I'm writing some test for a Go module. A lot of it is checking that functions return the correct values. This is a simple example for what I'm currently doing:
package foo
import (
"reflect"
"testing"
)
func Foo() int {
return 3
}
func TestFoo(t *testing.T) {
expected := 4
actual := Foo()
if !reflect.DeepEqual(actual, expected) {
t.Errorf("actual=%v, expected=%v", actual, expected)
}
}
A single test might contain a many such equality checks. Duplicating these 6 lines for each check makes the tests hard to read and error-prone to write (from what I've experienced the past few days).

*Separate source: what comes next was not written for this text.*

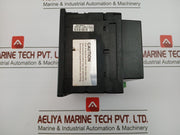 Insulation Monitor Aal-2 Deif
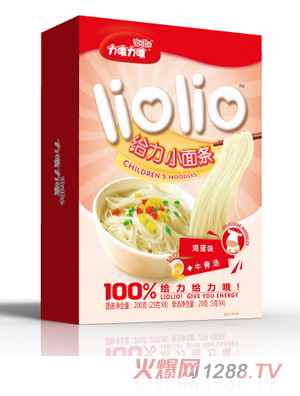 ��Ŷ��Ŷ�o��С��l�u��+ţ�ǜ� �Q��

So I thought I'd make an assertEquals()
function that wraps the whole logic similar to what other testing frameworks provide (e.g. in JUnit's org.junit.Assert
):
func TestFoo(t *testing.T) {
assertEqual(t, 4, Foo())
}
func assertEqual(t *testing.T, actual interface{}, expected interface{}) {
if !reflect.DeepEqual(actual, expected) {
t.Errorf("Assertion failed: %v != %v", actual, expected)
}
}
The problem now is that Errorf()
will obviously not show the line where assertEqual()
is called but the call to Errorf()
inside of assertEqual
:
=== RUN TestFoo
foo_test.go:28: Assertion failed: 4 != 3
--- FAIL: TestFoo (0.00s)
Is there a way to fix that, e.g. by showing the whole stack trace instead of only the location of the call to Errorf()
?
Or is there a better way to avoid repeating those lines of code to check the return value of a function?